2021.03.07 事業参画・売買レポート


 2021年3月2日、三井物産株式会社(以下、「三井物産」)は英国のCO2回収・貯留事業を行うStoregga Geotechnologies Limited(以下、「SG社」)に出資参画することを発表した。

(Acorn CCS プロジェクト地図 出典:三井物産株式会社)

 SG社は同社100%子会社のPale Blue Dot Energy Limitedを通じて、スコットランド北東部のセントファーガスにおいてAcorn CCS(Carbon Capture and Storage) and Hydrogen Projectを主導的に進めている。当該プロジェクトはセントファーガスの石油ターミナルの既存施設を活用して、英国や周辺諸国のCO2を回収・輸送・貯留を行うものであり、CO2貯留層として生産が減退した油田やガス田を活用する。
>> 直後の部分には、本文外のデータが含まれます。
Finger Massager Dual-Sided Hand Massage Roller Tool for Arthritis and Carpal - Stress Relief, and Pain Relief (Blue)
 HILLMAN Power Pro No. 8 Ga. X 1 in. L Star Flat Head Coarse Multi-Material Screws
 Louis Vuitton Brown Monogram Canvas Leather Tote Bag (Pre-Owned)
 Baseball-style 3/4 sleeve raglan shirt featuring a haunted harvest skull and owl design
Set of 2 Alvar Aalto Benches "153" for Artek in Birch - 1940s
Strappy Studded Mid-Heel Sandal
 加えて、当該プロジェクトでは家庭や工場等で使用する水素エネルギーを北海の天然ガスから作り出すことも計画されている。水素生成時の過程で生じる二酸化炭素は同プロジェクトの中で回収・貯留する。セントファーガスの石油ターミナルは英国全体で使用される天然ガスの約3分の1が荷揚げされており、プロジェクトが実現すれば英国内の水素生成やエネルギー活用の弾みになる。

 三井物産は出資参画後、石油・ガス上流事業の知見やビジネスネットワークを活用して、SG社の事業基盤強化を支援する方針。SG社の主な株主は、三井物産(15.4%)、Macquarie Group Limited(豪州、21.5%)、GIC(シンガポール、15.4%)、創業者(Nicholas John Cooper他、47.7%)となる。(*カッコ内の数字は出資比率)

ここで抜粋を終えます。